The event was co-sponsored by several European and Latin American countries, and specialised agencies of the UN. The panel was conducted by Mrs Elissavet Stamantopoulou-Robbins, from the Secretariat of the Permanent Forum for Indigenous Affairs.

Mrs Silvia Escobar, Ambassador of the Special Mission for human rights related affairs in Spain recognised the importance of the Declaration for indigenous peoples and States, as it has been a unique process at the UN, which reflects the greater feasibility of consensus reached by States and indigenous peoples. She mentioned that Spain and the Spaniards support the Declaration because they consider it a necessary instrument, and urged for its approval in the Third Committee and General Assembly.

Mr. Luis Enrique Chávez, Permanent Associate Representative of Peru at the United Nations and President-Rapporteur of the Work Group for the elaboration of the United Nations Declaration on the Rights of Indigenous Peoples was also present at the panel. In Mr Chávezs view, the declaration, like any text, is not perfect and, as such, has its limitations. However, it represents a starting point for a new process in which a new relationship between States and Indigenous Peoples will be edified. He stated that the Declaration is an instrument that is not aimed at creating conflicts, but, rather, seeks to avoid them within a framework of good faith.

He explained that the Declaration does not contain any threats for States in terms of their territorial integrity and article 46 is very clear in this respect. He said it would not be possible for the Declaration not to be ambiguous, but this is a virtue rather than a defect. He added that the Declaration does not codify preferential rights, but recognises specific rights aimed at protecting a vulnerable social group. He states that it is not a consensual text, but this should not be reason for concern in the human rights field, as it is increasingly difficult to reach unanimity in these matters. In the face of this situation, he said the most important thing is to make the decision to support indigenous peoples. For this purpose, he asked member States of the General Assembly to provide an overwhelming support for the Declaration. He finally said that States that have doubts regarding the Declaration will be reconciled with its content with time and in their everyday relations with indigenous peoples. The Declarations ultimate end is to create a new relationship between States and Indigenous Peoples.

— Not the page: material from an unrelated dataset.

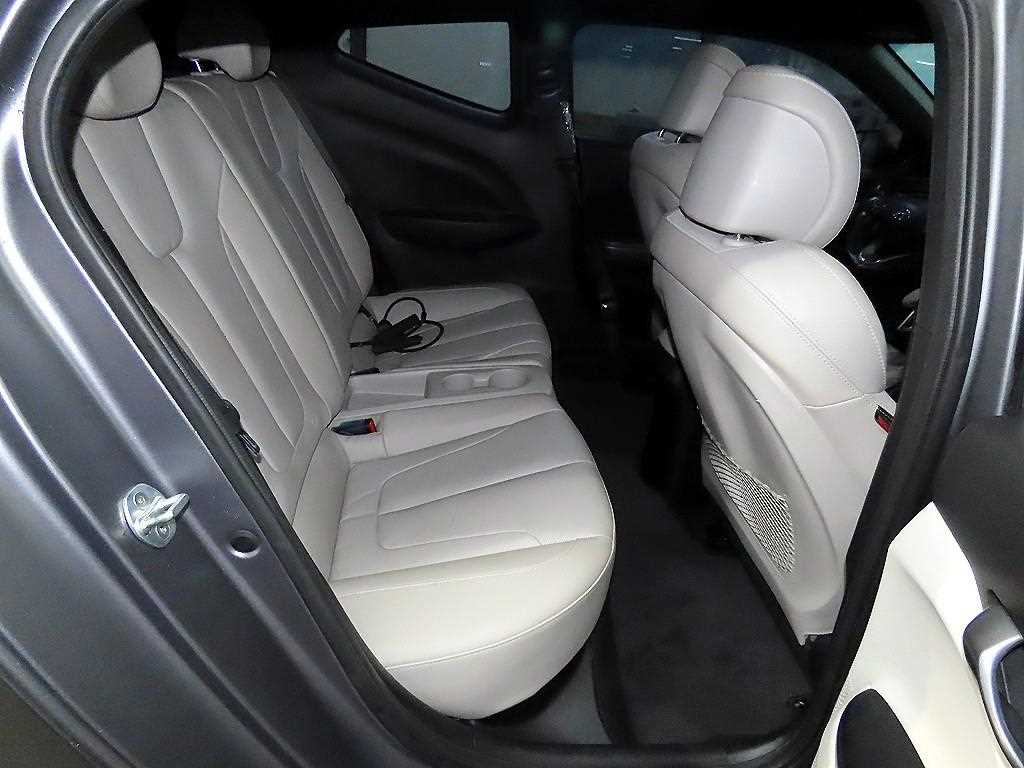 HYUNDAI Veloster - Vista 6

Mrs. Xóchitl Gálvez, General Director of the National Commission for the Development of Indigenous Peoples, said indigenous people from all over the world have their hopes pinned on the Declaration. She mentioned that something must be wrong in Mexico, because the greatest biodiversity, riches, oil, minerals, resources, etc. are in indigenous regions, but indigenous peoples are the poorest in the country. In the same way, the relationship is unbalanced in terms of north and south. Indigenous poverty and marginalisation have been justified as being the result of their particular culture and civilisation; this justification has been used by politicians to assume that exclusion and poverty is the result of a bad relationship between States and indigenous peoples. The Declaration will therefore help improve this relationship.

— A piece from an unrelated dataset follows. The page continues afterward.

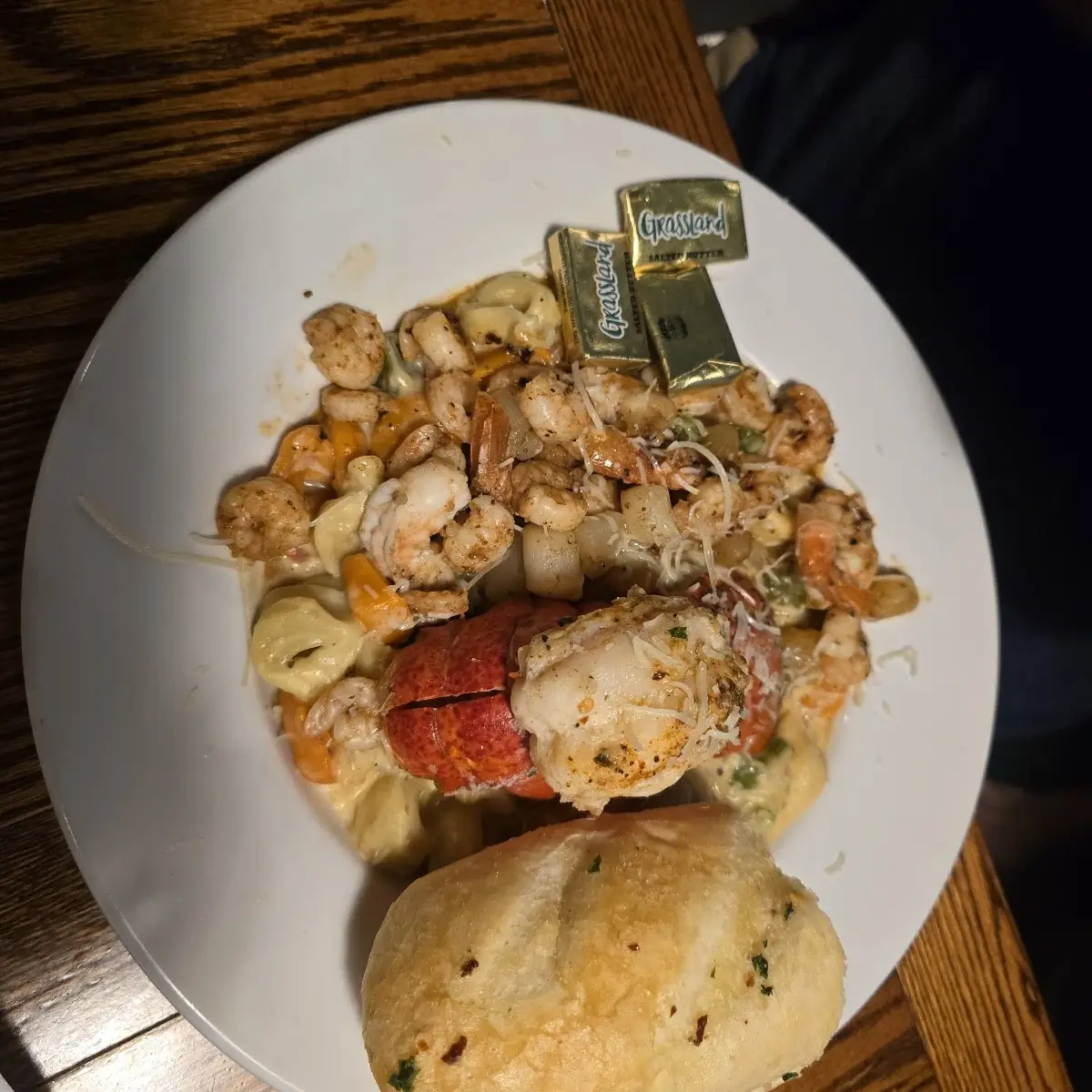 Lobster Tail & Shrimp Scampi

Xóchitl Gálvez requested that the countries that do not have indigenous populations support the Declaration, although her message was aimed at countries with indigenous populations who are unsure whether to support it, as this could mean the loss of hope, and of legal and institutional means to recognise and respect their rights. As an example, she said that the armed movement in Mexico should be an experience for other countries, because since Mexicos recognition of self-determination, no indigenous peoples have sought to splinter off. Finally, she stated that the Declaration will be very encouraging for indigenous peoples and will improve the relationship with national States. It is not a binding document, but each State will have to make its own internal reading and adapt its legislation.

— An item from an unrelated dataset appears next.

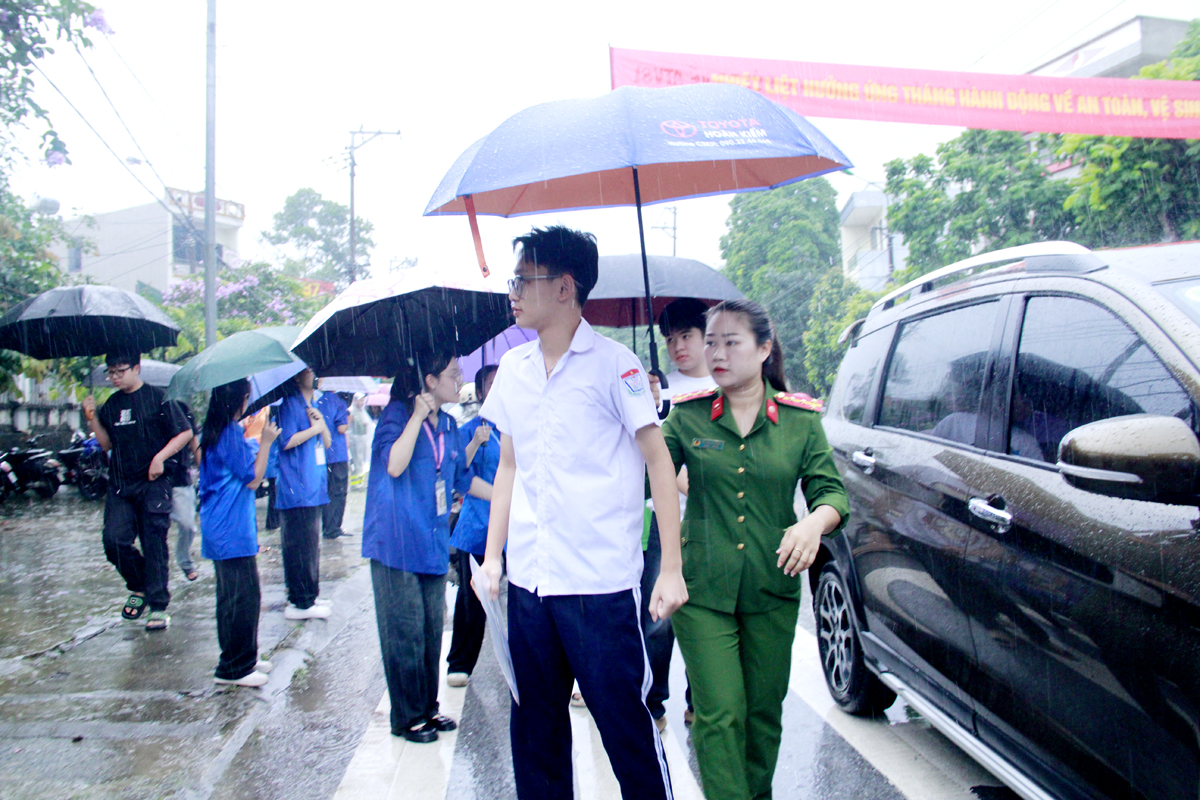Lực lượng công an hỗ trợ thí sinh.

In turn, Mrs Astrid Helle Ajamay, Advising Minister of Norways Permanent Mission at International Organisations, based in Geneva, pointed out that the Declaration is the result of a long process of formal and informal consultations in which many compromises were reached in order to solve problems. The Declaration is therefore the best compromise that could realistically be reached. It was a unique process and negotiation at the UN. Although consensus was not reached, this is not unknown in the human rights context. She stated that the Declaration will serve as an understanding and worthy framework to improve relations with indigenous peoples. One of the key aspects, she highlighted, is self-determination and she gave the example of the Saami. She pointed out that self-determination must be understood as a way of promoting indigenous peoples participation in a democratic society. At the same time, she said that self-determination must be practiced according to international law. Finally, she concluded that the Declarations adoption is a commitment with human rights and, for this reason, Norway will adopt it. It may be said that Norway does not have indigenous peoples, but it is also not a State in which there are forced disappearances and they will nonetheless also vote in favour of this instrument.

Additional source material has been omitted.